Oferta y demanda en política
Resulta cada vez más necesario un ‘reseteo’ de la oferta política más conectada a las realidades múltiples de las sociedades a las que pretenden representar y gobernar
¿Es posible -y conveniente- reflexionar sobre la política democrática como una analogía entre la mercantil dicotomía de la oferta y de la demanda? Creo que sí, aunque a algunos pueda irritar esta irreverente comparación. Resulta, además, de imprescindible, estimulante para pensar alternativas a los desafíos de la política. Veamos por qué.
A lo largo de la historia, la balanza se ha mantenido inclinada hacia el lado de la oferta: las ideologías, los partidos, los programas y los liderazgos se articulaban desde una visión del mundo que lo interpretaba y que pugnaba con otras por la hegemonía política. Unas visiones que pretendían, además, liderar a las mayorías, guiarlas o redimirlas. La política era profética, entre vocaciones redentoristas o casi mesiánicas. La ciudadanía eran pueblos o masas. Las diferentes opciones políticas estaban fundamentadas en unos principios, valores e ideas que configuraban su visión y se materializaban en un proyecto coyuntural que la ciudadanía podía elegir, o no.

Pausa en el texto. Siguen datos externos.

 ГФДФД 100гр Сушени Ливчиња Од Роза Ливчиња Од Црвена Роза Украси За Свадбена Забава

Sin embargo, llevamos varias décadas en las que las ofertas (unidireccionales) se topan con un muro de escepticismo, desencanto y desafección, como bien explica Peter Mair en Gobernando el vacío (2015). En este contexto, resulta cada vez más difícil hacer y comunicar política solo desde la oferta. ¿La ciudadanía necesita ser guiada o, más bien, el mundo necesita ser atendido, comprendido y representado?
La política desde la demanda, en cambio, implica, en primer lugar, comprender las preocupaciones, necesidades y aspiraciones de la sociedad y, en segundo, construir un proyecto que responda a ese clima social y sea capaz de incluir soluciones a problemas reales. La política a demanda supone escuchar, atender… y reaccionar. El desarrollo de nuevas técnicas y herramientas demoscópicas y la capacidad de microsegmentación de la opinión pública conectada, que nos permite hacer llegar mensajes específicos a audiencias reducidas, facilitan e incentivan esta manera de pensar y entender la política: auscultación permanente y respuesta posológica adecuada. Una política bidireccional.

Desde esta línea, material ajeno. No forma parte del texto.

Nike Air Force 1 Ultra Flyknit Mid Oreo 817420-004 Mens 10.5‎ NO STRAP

Además, la política orientada a la demanda prepara a los partidos y sus liderazgos a una serie de actitudes y aptitudes que los entrena con una mejor adecuación para la representación. Además de la ya mencionada capacidad de escucha y segmentación, hay que añadir una propuesta política capaz de responder a los desafíos del metro cuadrado de las personas (sus intereses más cercanos, reales y demandantes). Una renovada capacidad de reacción a coyunturas y escenarios nuevos. Y, finalmente, una musculatura electoral más porosa y dinámica para la fase competitiva de la lucha por el poder político.
Ahora bien, esto, en un escenario de extrema inestabilidad y volatilidad, requiere una capacidad de adaptación táctica permanente. El proyecto político debe ajustarse constantemente a las circunstancias y al devenir de los acontecimientos: “Events, my dear boy, events”, como alguna vez dijo Harold Macmillan, ex primer ministro británico. Y hay riesgos, claro.

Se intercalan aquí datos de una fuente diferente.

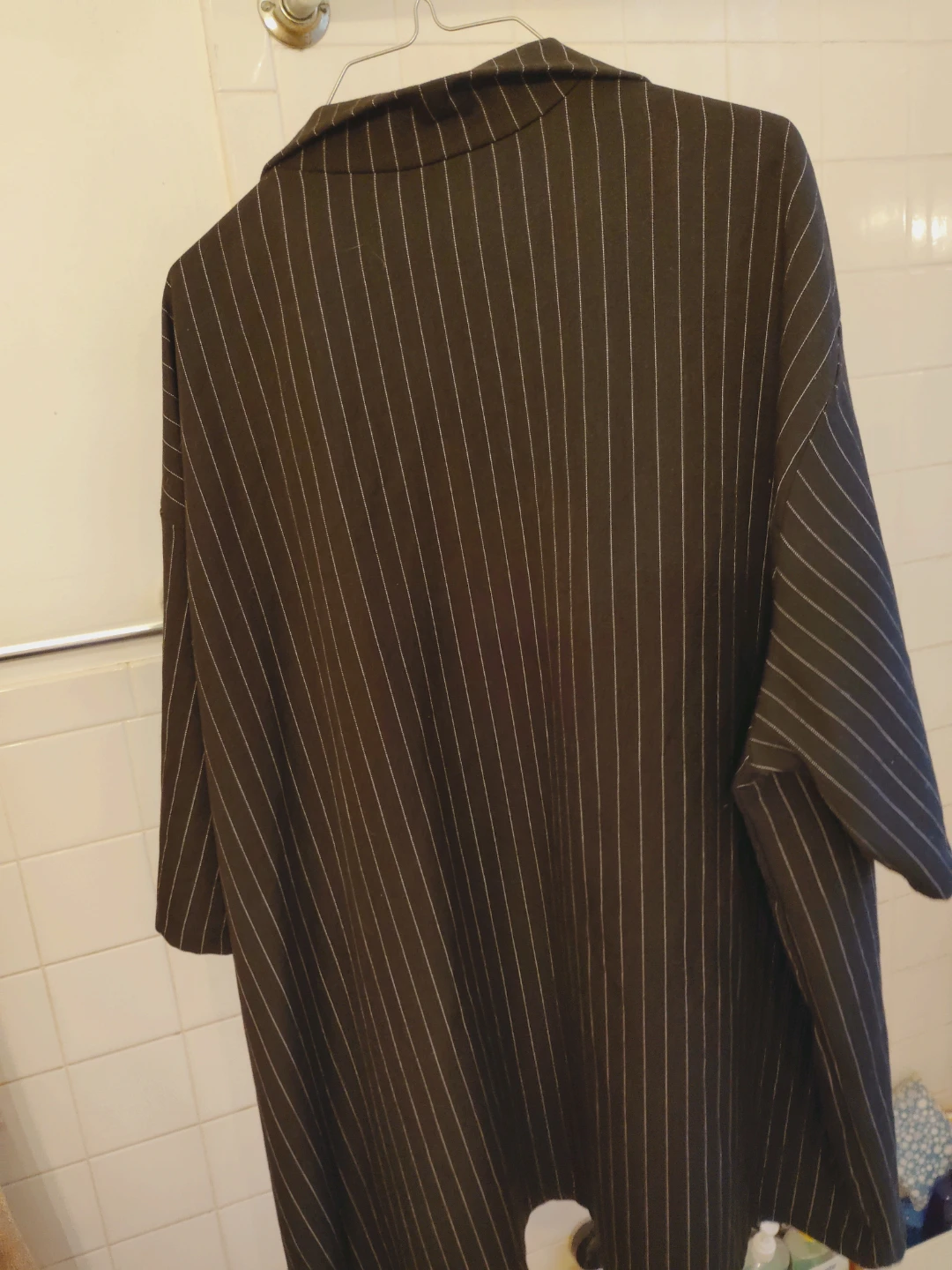 BoohooMAN Black Pinstripe Oversized Blazer - photo 2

Es cierto, que este enfoque alimenta los populismos que nacen, precisamente, como atajos a los desafíos. En donde el tacticismo devora y canibaliza las opciones estratégicas y las soluciones de fondo que responden a maneras de entender los retos del planeta y de la ciudadanía. Pero resulta cada vez más necesario un reseteo de la oferta política más conectada a las realidades múltiples de las sociedades a las que pretenden representar y gobernar. Una política como servicio público que se aleje o autorregule las ideologías por las que -durante muchos siglos- valían la pena para morir, sin importar mucho si valían la pena para vivir.
¿Todo esto significa que la ideología ya no existe? No, en absoluto. Mario Riorda y Marcela Farré, en un libro que acaba de cumplir diez años, defienden que las ideologías siguen cumpliendo una “función mítica” y les dan unicidad a las opciones políticas. Esta identidad (esté más o menos ideologizada) es lo que puede evitar el otro gran riesgo y sesgo de esta política a demanda: la homogeneización de la oferta. Es decir, que todos se acaben pareciendo demasiado. La banalización populista sería otra deriva indeseable.
La clave, como casi siempre, sería encontrar el equilibrio justo. Ideas para cambiar el mundo, sí; pero sobre todo soluciones para la vida cotidiana y mientras, como decía Albert Camus, “practicar la felicidad para que se dulcifique el terrible sabor de la justicia”.